4. Click on a piece of art that interests you - you might want to scroll a little - pick a goody! Ok - now pick five images to "re-pin" AND - pin them to your illustration board.  (I figured all this stuff out so if I can do it a snail can do it - sorry snails :( ...make sure you REALLY like the images you're re-pinning. These need to be images that you really admire and perhaps wish you'd created so be picky!  Also - if you don't pin really good stuff people will ignore your board and that will kill this whole experiment.

5. Ok - now pin one of your own images and then over the next year repeat this ratio - a handful of other artist's images to one of your own.  I suggest you pin from your website or blog so that if people click on them they come back to your portal - but that's not what this post is about but you should still do it for marketing reasons. (There's a way to download some thing-a-magiggy to your browser so you can "pin" from any site - I don't remember how I got it to work - I think I googled "how to pin with Pinterest")

6. Here's a look at my illustration board on Pinterest. If you zoom in you can see how many times each image was "re-pinned" - and here in lies the magic! You get to see how many votes or "pins" each image gets including your own. In a way people are casting their votes in an impartial way - self serving! They see something they like and they re-pin it for themselves. This is more valuable than a critique from friends in some ways because it's a rather large sample size and it's honest. The people pinning don't really know or care that you're looking at the data this way -they're just grabbing images for future consumption on their own boards.
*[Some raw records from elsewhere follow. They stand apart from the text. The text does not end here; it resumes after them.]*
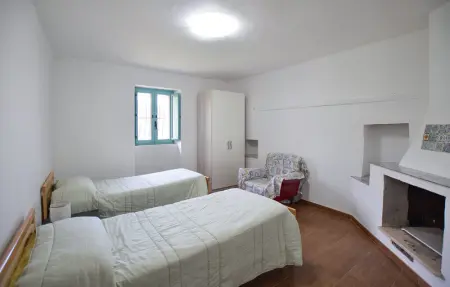 Location Appartement 2 personnes à Longobardi - Photo 2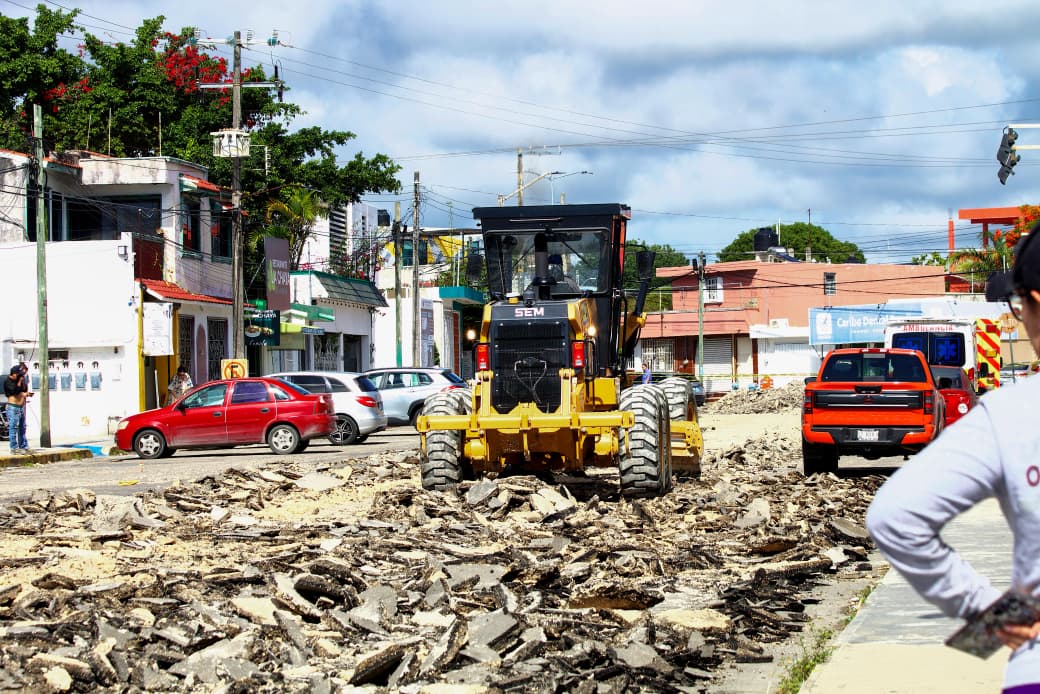 Reahbilitan Calle en chetumal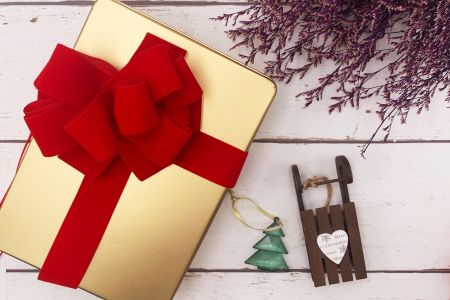 Red Velvet Pull Bow - Red Velvet Pull Bow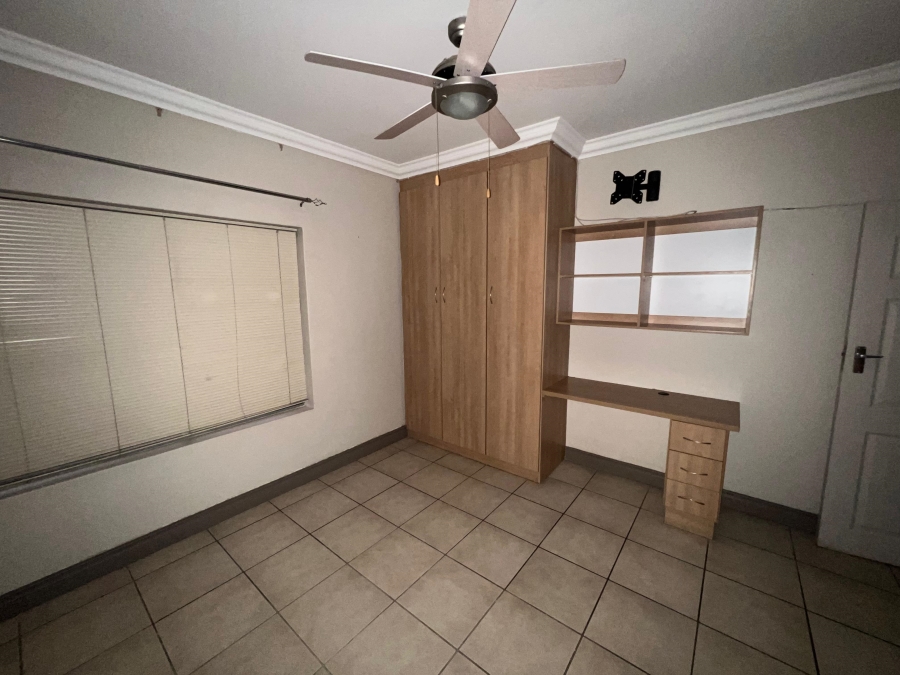 To Let 2 Bedroom Property for Rent in Dassie Rand North West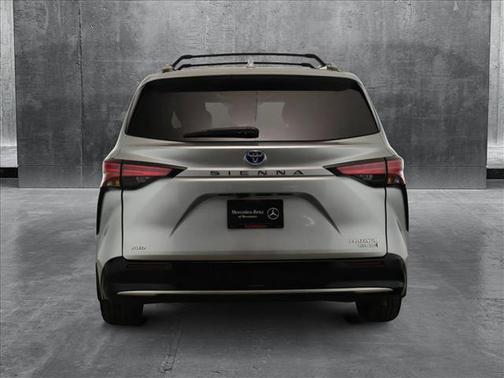 2023 Toyota Sienna Platinum 7 Passenger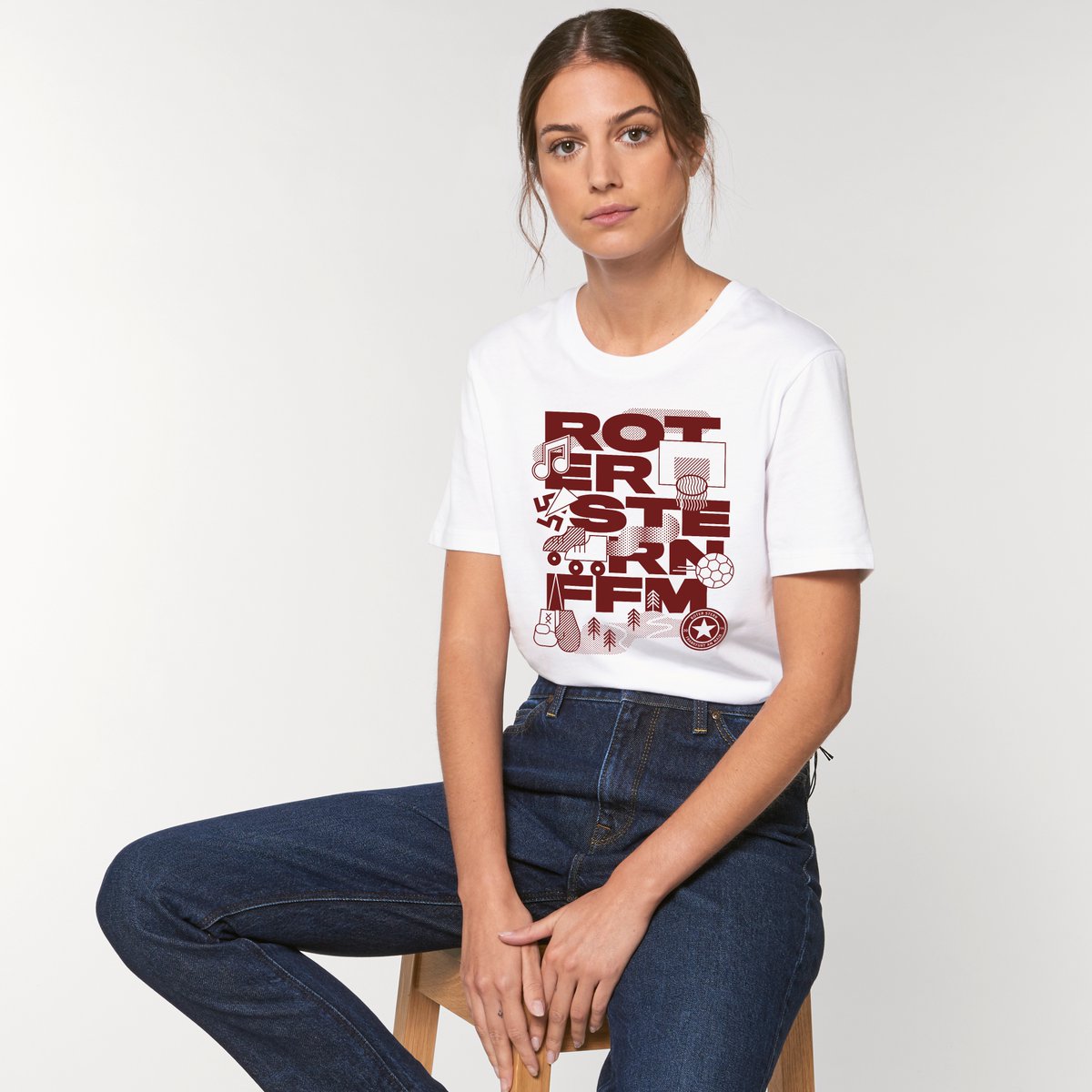 voice_design's tweet photo. Die neuen Shirts & Taschen des @RoterSternFfm sind fertig! #Vegan gedruckt auf #bio-#fair|en Textilien von Stanley Stella. Heute zeigen wir dir das "All Sports"-Motiv, Do. und Fr. gibt's die anderen Motive und am Sa. kannst du sie auf'm Sommerfest im #Klapperfeld kaufen!
#antifa https://t.co/Ozc2qxXgSx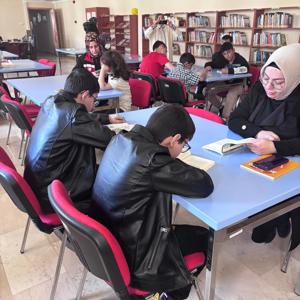 2025 Aile Yılı Kapsamında “Ailemle Okuyorum” Etkinliği Gümüşhane’de Gerçekleştirildi! - fotoğraf 1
So how can Pinterest help you improve your art? You can learn a lot by seeing what people like and don't like. If you're work isn't getting re-pinned as much as the other work you pin you have some work to do - but not in the blind - because you can see exactly what images people respond to the most. You might want to make a list of the things the popular images have in common - then compare to your work. However, this could also be a little dangerous if you follow it too closely and copy what is getting votes - you could become a follower- you still have to innovate but in order to create great art you have to consume great art!

Pinterest is in my opinion a very valuable tool for inspiration, strategy, and marketing - I'm starting to get emails and messages from customers who are finding me on Pinterest - and I hear it's the fastest growing website! so get pinning!